India too has women pathfinders. Janaki Ammal (1897-1984) was from the Theeya community which was once considered very persecuted. A world-class researcher in cytogenetics and phytogeography, she was co-author with world famous geneticist Cyril Darlington on the atlas of the cultivated plants of the world. That a woman scientist from India which was then colonized, rose to this level shows her mettle. She pioneered ethno-botany in India.
“India’s position (and that of other developing countries viz. Brazil, Turkey etc) with respect to women’s participation in science careers is better than those of more developed countries like Japan, Germany, United States and United Kingdom...It is also found that the nuclear family which is the common characteristic of developed countries put strain on the woman scientist who lacks support structure in the domestic sphere. In comparison, the traditional extended family, still a common practice in developing countries, provides significant support for women scientists.” This is by a Jawaharlal Nehru University scholar Ms Arpita Subhash. (Etzkowitz and Kemelgor, Gender Inequality in Science: A Universal Condition?, Minerva, Vol 39, No.2)
India has again and again demonstrated that she has the strength and resources.
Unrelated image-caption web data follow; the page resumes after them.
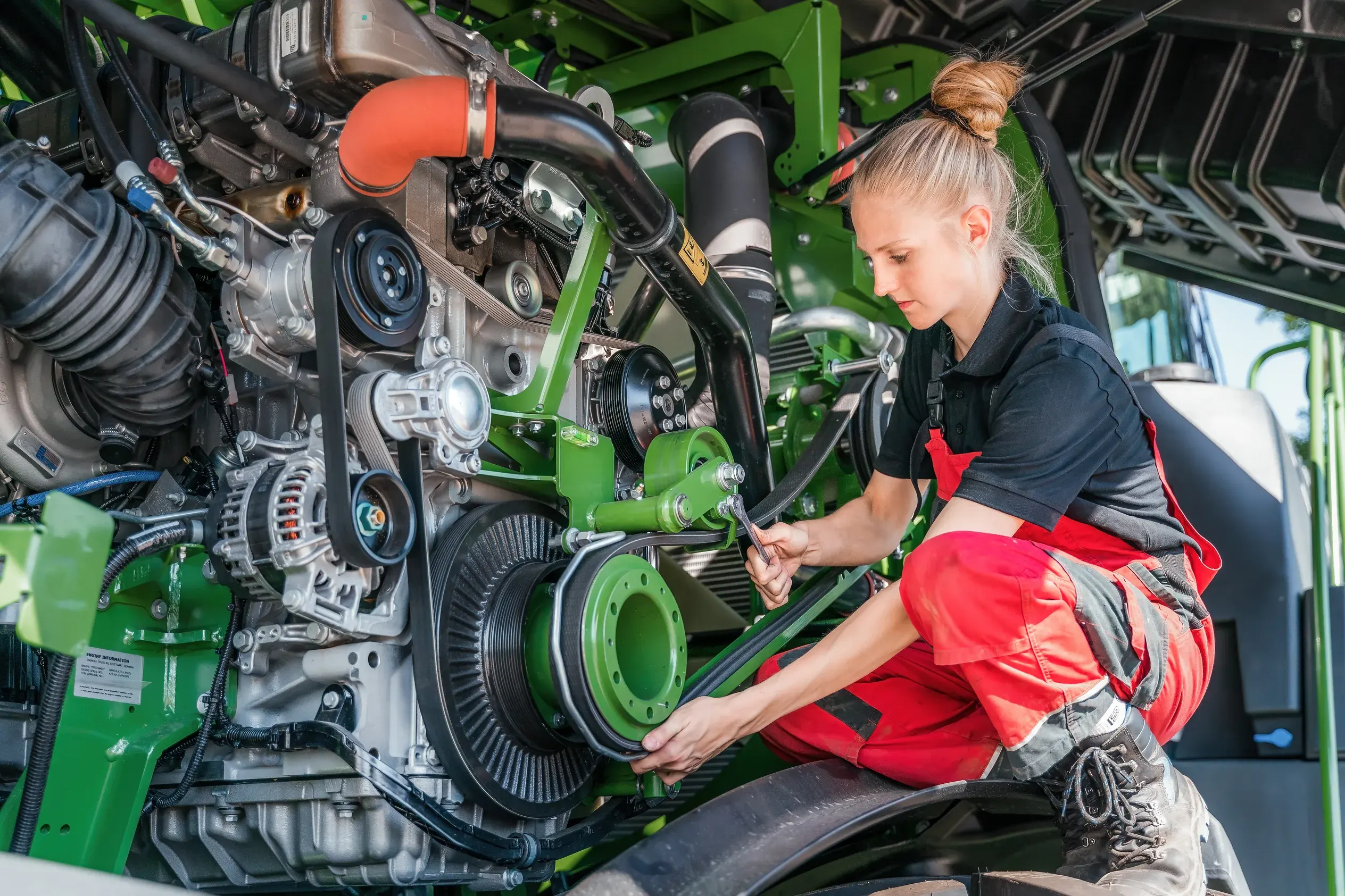 Firmenportrait: Mechanikerin bei der Arbeit am Motor einer Landmaschine – Patzsch Werbefotografie
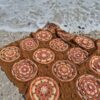 A wave washing up to the top edge of the Over the Coral Sea crochet blanket by Hooked on Sunshine, with coral, cream and green mandala motifs in warm caramel brown ColourSpun Pure Cotton DK.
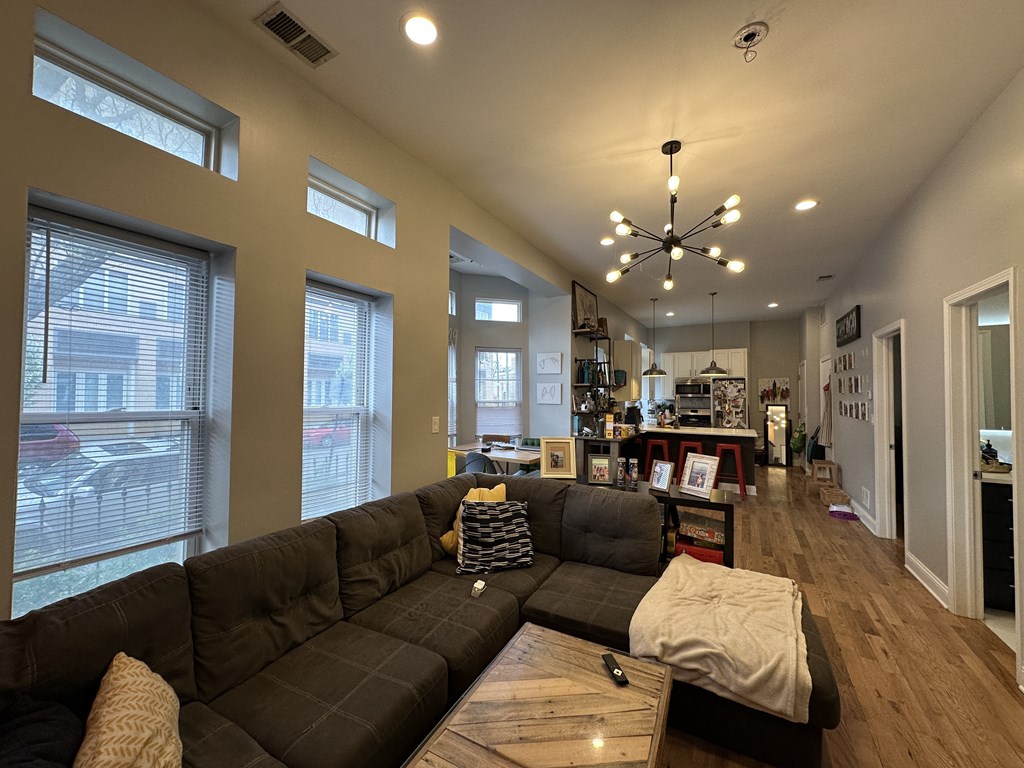 A living room with a large sectional sofa and a coffee table.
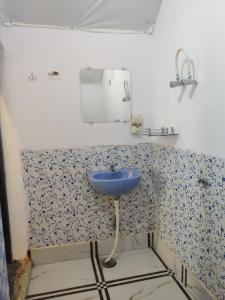 a bathroom with a sink and a mirror at H7Stay Luxury Cottages And Camps, Rishikesh in Rishīkesh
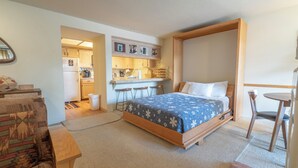 Ein Schlafzimmer mit Bett, kleinem Tisch, Stuhl und einer Küchenzeile im Hintergrund.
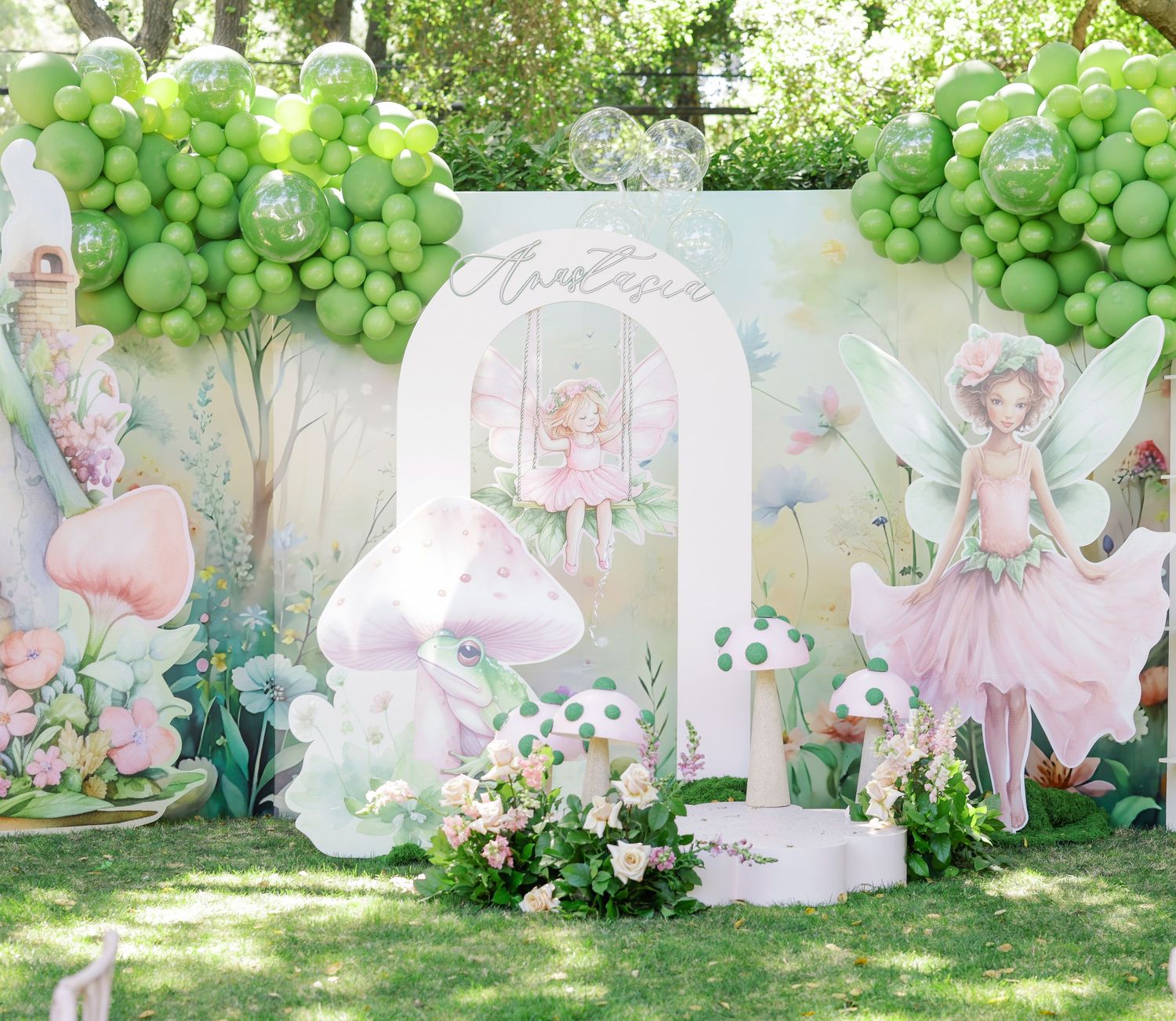 Fairy-themed garden party decoration with pastel balloons and butterfly motifs.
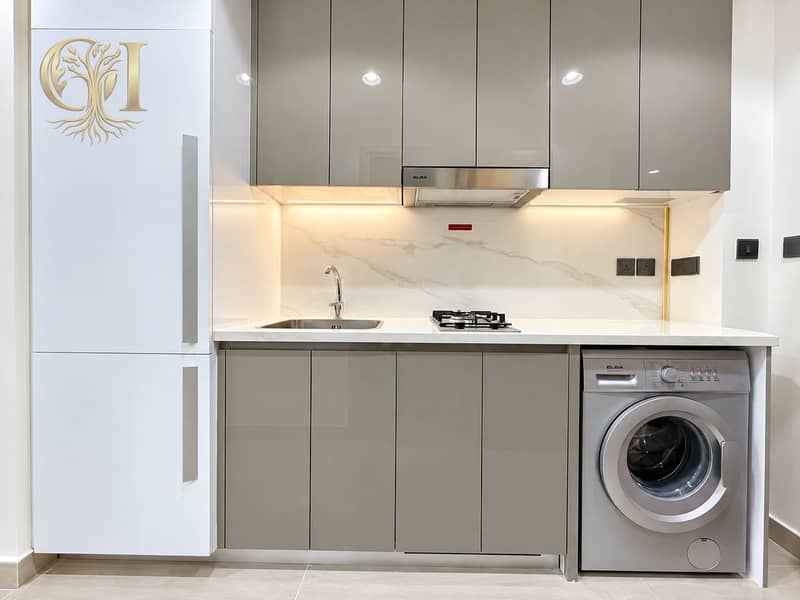 4 Modern Minimalist Kitchenette with Integrated Laundry. png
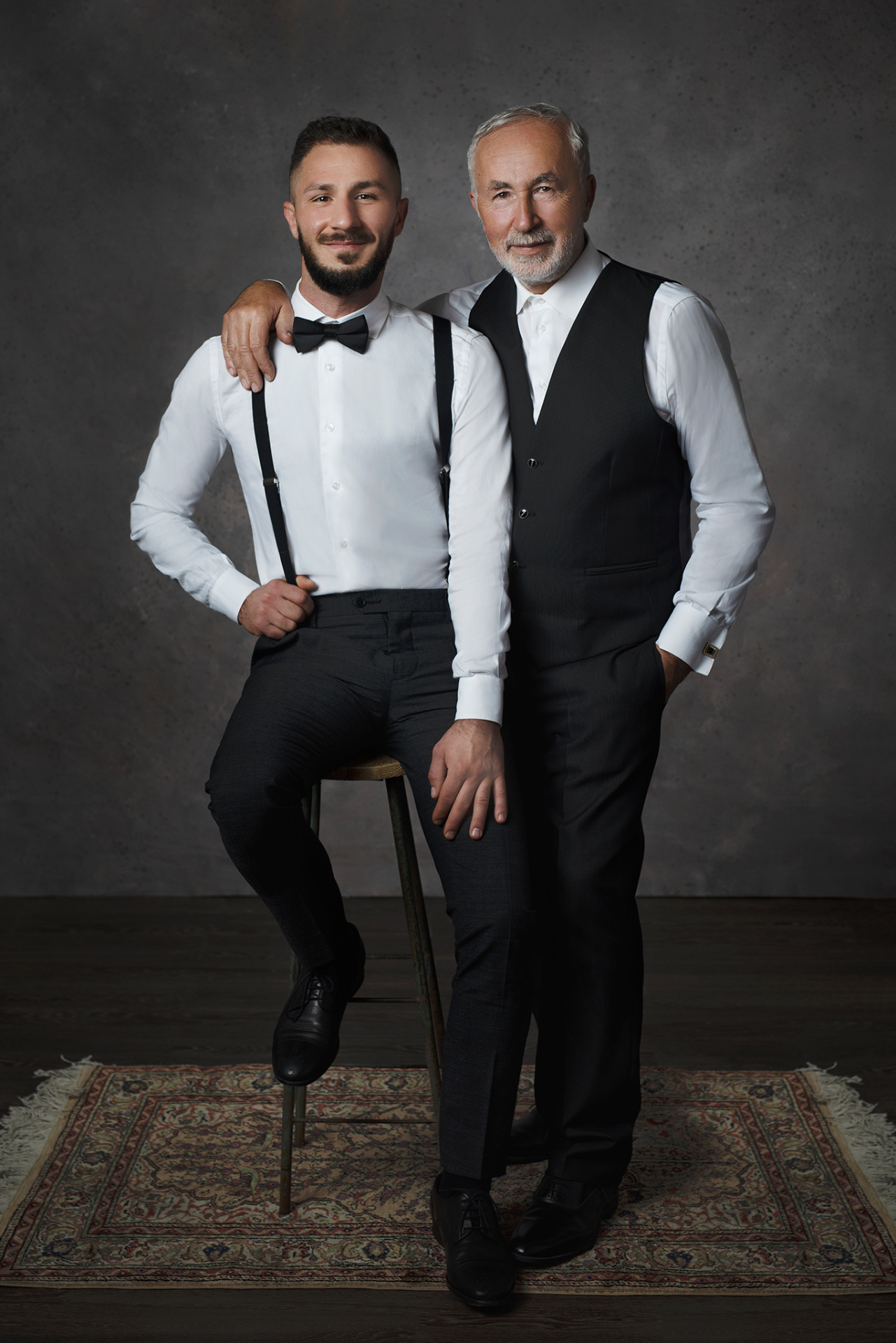 Fotografia fine art di padre e figlio in abiti eleganti, realizzata da Claudia Spaziani nel suo studio fotografico a Bologna. Uno seduto con bretelle e papillon, l’altro in piedi con gilet nero, su tappeto decorativo.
It is up to the women pathfinders to understand this blessing of Indic culture to the empowerment and liberation of women and hence the whole of humanity. We have the civilizational strength and spiritual heritage to evolve a holistic vision for the Feminine movement not only for India, not only for the so-called developing countries but for humanity—a vision of the Feminine, which is not conflict-oriented but harmony-oriented.
This is not just an option before Indian women; it is a duty.